US aims to set agenda at Alaska talks with China: officials
- The Biden administration says it does not want to enter into detailed negotiations at this stage and therefore does not expect any immediate announcements. There will be no joint statement at the end of the meeting in Anchorage.
WASHINGTON: US President Joe Biden's administration intends to show its firmness against Beijing in its first meeting with Chinese diplomatic leaders in Alaska on Thursday, but does not expect immediate results, US officials.
Secretary of State Antony Blinken and White House national security adviser Jake Sullivan are set for talks with senior Chinese official Yang Jiechi and Foreign Minister Wang Yi that represent "an initial discussion to understand... our interests, intentions and priorities," one senior US official told reporters Tuesday.
"Sometimes there is sense, potentially a perception, or maybe it's a hope in Beijing, that our public message is somehow different than our private message. And we think it's really important that we dispel that idea very early," the official added.
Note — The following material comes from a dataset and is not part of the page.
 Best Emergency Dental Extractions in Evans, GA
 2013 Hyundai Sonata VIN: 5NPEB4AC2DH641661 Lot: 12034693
The American diplomats will therefore be as firm in the closed-door meetings as they have in recent public statements, including "deep concerns" about the treatment of the Uighur minority in Xinjiang, a crackdown in Hong Kong, Chinese "economic coercion" and Beijing's "increasingly aggressive" stance towards Taiwan, the official said.
US relations with China have plunged in recent years, and the Alaska talks will be the first between the powers since Yang met Blinken's hawkish predecessor Mike Pompeo last June in Hawaii -- a setting similarly far from the high-stakes glare of national capitals.
The Biden administration has generally backed the tougher approach to China initiated by former president Donald Trump, but has also insisted that it can be more effective by shoring up alliances and seeking narrow ways to cooperate on priorities such as climate change.
Another senior US official said Beijing "has been talking about its desire to change the tone of the relationship."
But Washington will be weighing "deeds not words on that front," that official added, keeping in mind China's "pretty poor track record of keeping its promises."
The Biden administration says it does not want to enter into detailed negotiations at this stage and therefore does not expect any immediate announcements. There will be no joint statement at the end of the meeting in Anchorage.
"We are in the middle of a pretty extensive China strategy development process" and the meeting is "just the beginning of that process," the first official said, adding that the diplomats plan to raise some specific issues.
But they are not asking China "to do anything other than abide by international rules," the second official continued, adding they have no "unrealistic" expectations but want to "open up the lines of communication."